With the NFL Players Association and the conglomerate of NFL owners in Collective Bargaining Agreement (CBA) negotiations this month, we have a window to discuss whether the expiration of the CBA will result in the loss of the 2011 season. My friends Bram A. Maravent and Jeffrey F. Levine, co-authored an article (click here) on just that subject, which was recently published in the Fordham Intellectual Property, Media & Entertainment Law Journal (IPLJ).
The main issue in CBA negotiations has, and will be, the percentage of NFL revenues to player salaries. Other major concerns include, NFL rookie salaries and the legal inability of franchises to recoup signing bonuses from players who breach contracts or refuse to perform.
The authors of the article take the position that the owners cared so much about labor peace and preventing a potential labor stoppage back in 2006, that they agreed to a CBA that had unfavorable terms. There is a thought that former NFL Commissioner, Paul Tagliabue, lobbied ownership to accept the deal because he wanted his legacy to be that he presided over almost two decades of uninterrupted labor peace.
Many pages are dedicated to providing a formal history of the NFLPA, its major players, and the numerous legal actions it has been a part of over the years of its existence. It certainly is not a short read, but I believe that it is important to have a good understanding of the history of negotiations between the NFL and the Players Association in order to have a full grasp on what is going through the minds of the bargaining parties today.
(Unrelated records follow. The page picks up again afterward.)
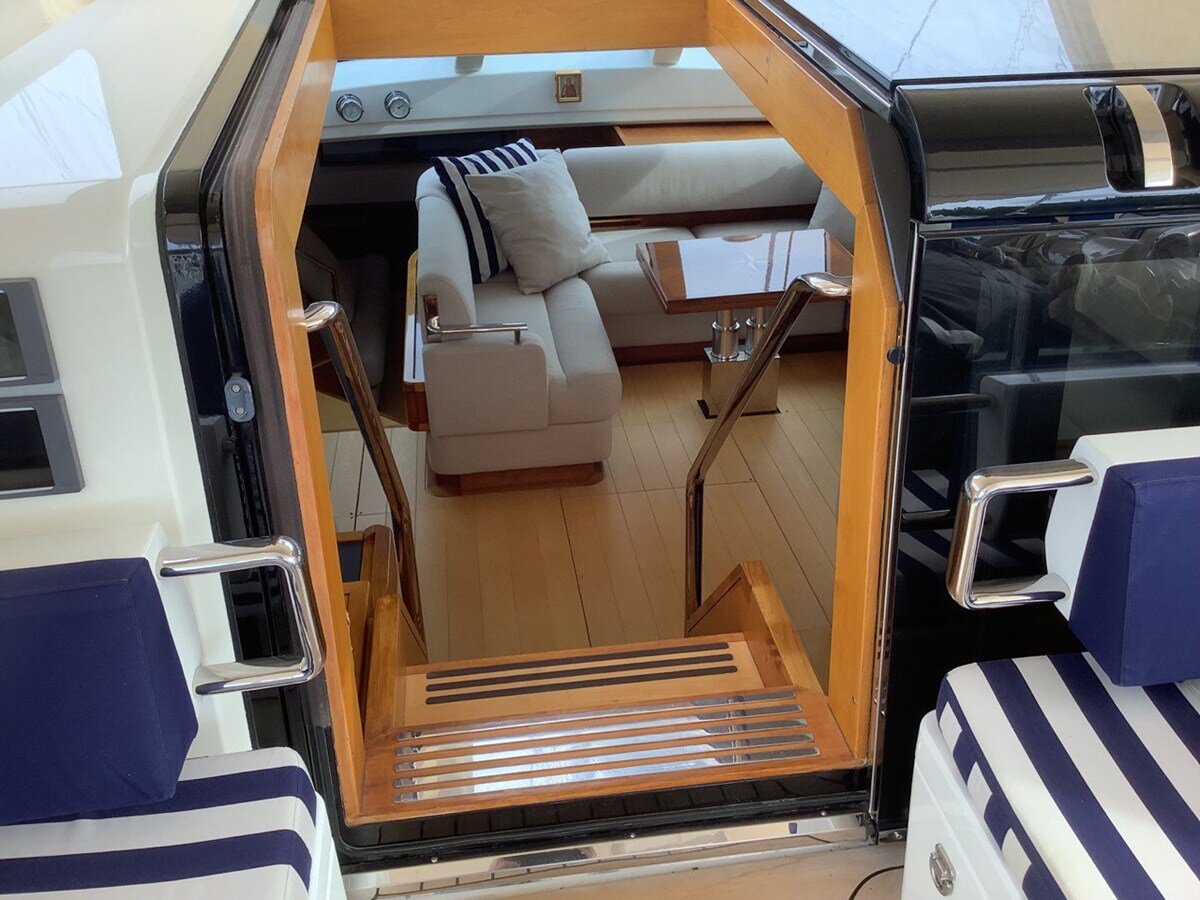 2015-oyster-yachts-88-11-f39435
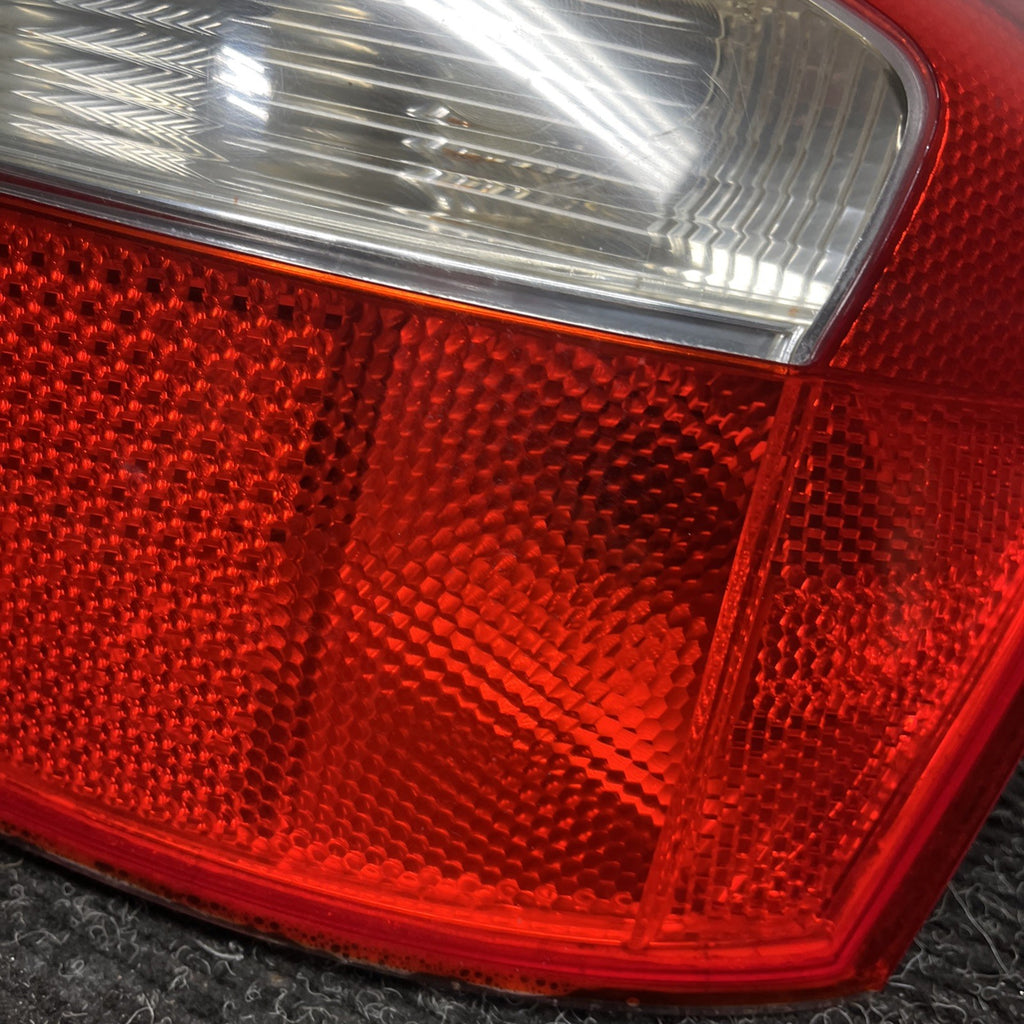 ☑️ 2002-2005 Audi A4 S4 Sedan 4 Door Right Passenger Side RH Tail Light OEM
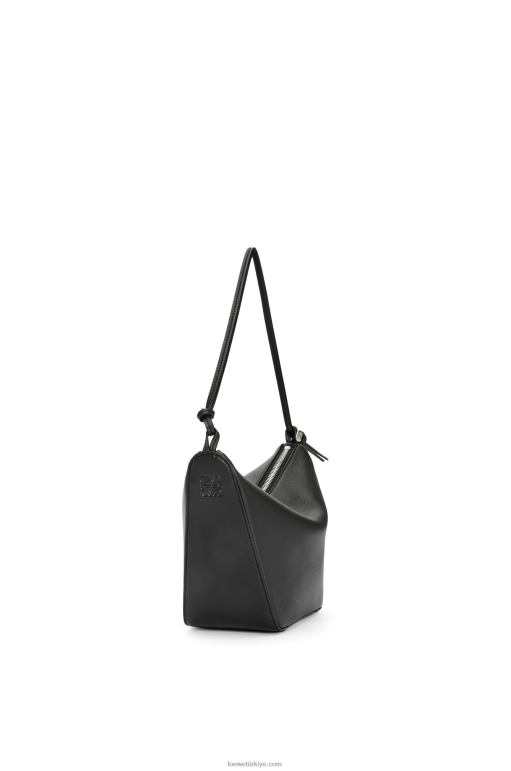 Loewe klasik dana derisinde mini hamak berduş çantası 02600329 kadınlar siyah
The use of media by both sides of the negotiation table is nothing new. In fact, it was heavily used in the NHL’s battle with the NHLPA earlier this decade. It is also being heavily employed by the NFL and the NFLPA during this round of CBA negotiations. This time, new media in the form of blogs and Tweets are involved, as well.
In such contentious negotiations, it is very difficult, and sometimes impossible, to determine which side has a better case. And at the end of the day, it does not matter; everyone suffers if a season, or part of a season, is lost due to a labor battle. Is the NFL bargaining in good faith? Should there be a rookie salary cap? Does the union truly have all the financial information it needs to bargain?
Interestingly, when the authors released the piece, they wrote that there is no need to create artificial deadlines, “as these will obstruct the natural development of negotiations between the parties.” DeMaurice Smith certainly did not agree, as the NFLPA had an “internal deadline” for agreeing to a new CBA, which apparently has already passed. Going back to my previous point about new media, check out where the news was posted – on the League’s own blog focused mainly on labor issues.
Skip to the end of the IPLJ article and you will see the authors’ predictions, which includes the belief that Ownership will lockout the players. And then there is decertification talk, which has been gaining momentum as of late. Every NFL team has approved of a plan to decertify the NFLPA if there is not a new CBA agreed to by March 3, 2011. I assume that the date is subject to change. Decertification would mean that the NFLPA is no longer a union; players could then sue the league under an antitrust claim.